Ma queste cose ormai le ripetono un po’ tutti. Cosa fare, allora?

Passare dall’allarme all’azione, chiede il progetto europeo Clean Sea LIFE (www.cleansealife.it, molto attivo sui social) che dal 2016 coinvolge subacquei, diportisti, pescatori sportivi e professionisti, studenti, cittadini e istituzioni in una campagna straordinaria di pulizia di coste e fondali d’Italia. Migliaia le persone che hanno aderito e si sono impegnate a modificare piccole abitudini per le quali, spesso a nostra insaputa, l’ambiente paga un prezzo molto pesante.

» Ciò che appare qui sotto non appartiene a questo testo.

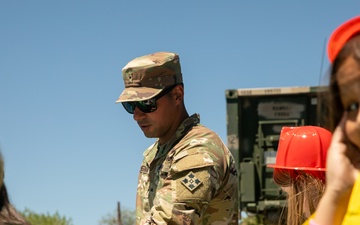 68th DSSB Soldiers Display Expertise at Trinidad Water Festival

Tre e molto semplici i principi della ‘promessa al mare’ del progetto europeo:

  1. Non gettare nulla nell’ambiente, volontariamente o no. Attenzione anche ai rifiuti che non consideriamo tali: come i mozziconi di sigaretta – di plastica e intrisi di sostanze tossiche, spesso gettati in strada o fuoribordo (all’EUDI Clean Sea LIFE e Assosub hanno distribuito migliaia di portamozziconi da tasca). Non lanciare palloncini, che caduti in mare fluttuano come meduse attirando pesci, tartarughe e uccelli con conseguenze spesso fatali. Smaltire i rifiuti con coscienza, facendo due passi in più verso un cassonetto vuoto, e non lasciare sacchetti a terra alla mercé degli animali.
  2. Mantenere pulito il proprio angolo di mare e, per gli oltre cento diving e associazioni che hanno aderito (la lista completa è su http://cleansealife.it/index.php/sub/), l’impegno a organizzare ogni anno una pulizia dei fondali, crescendo nuove generazioni di sub consci di essere parte della soluzione.
  3. E infine – ma è il punto cruciale – diminuire la montagna di rifiuti che produciamo ogni giorno di cui una parte purtroppo finisce nell’ambiente. Dobbiamo ripensare il nostro rapporto con la plastica, materiale fantastico ma eterno, smettendo di usarla solo per pochi minuti. Ciascuno nella propria quotidianità trovi il modo di ridurre il monouso: borracce e fontanelle al posto delle bottigliette di plastica; compriamo sfuso quando si può, no e no a bicchieri, piatti e sacchetti monouso, che siano di plastica o della cosiddetta ‘bioplastica’: perché il #plasticfree vero è quello che riducei rifiuti, non quello che li sostituisce.

Anche ilClub Azzurro di Fotografia Subacquea FIPSAS ha aderito a Clean Sea LIFE. I migliori fotografi Fipsas, con i loro scatti, documenteranno la cruda realtà dei nostri fondali per sensibilizzare tutti sul problema della dispersione della plastica in mare e sulle spiagge. Un invito rivolto anche ai fotosub amatoriali che possono inviare i loro migliori scatti al progetto europeo per attività di sensibilizzazione.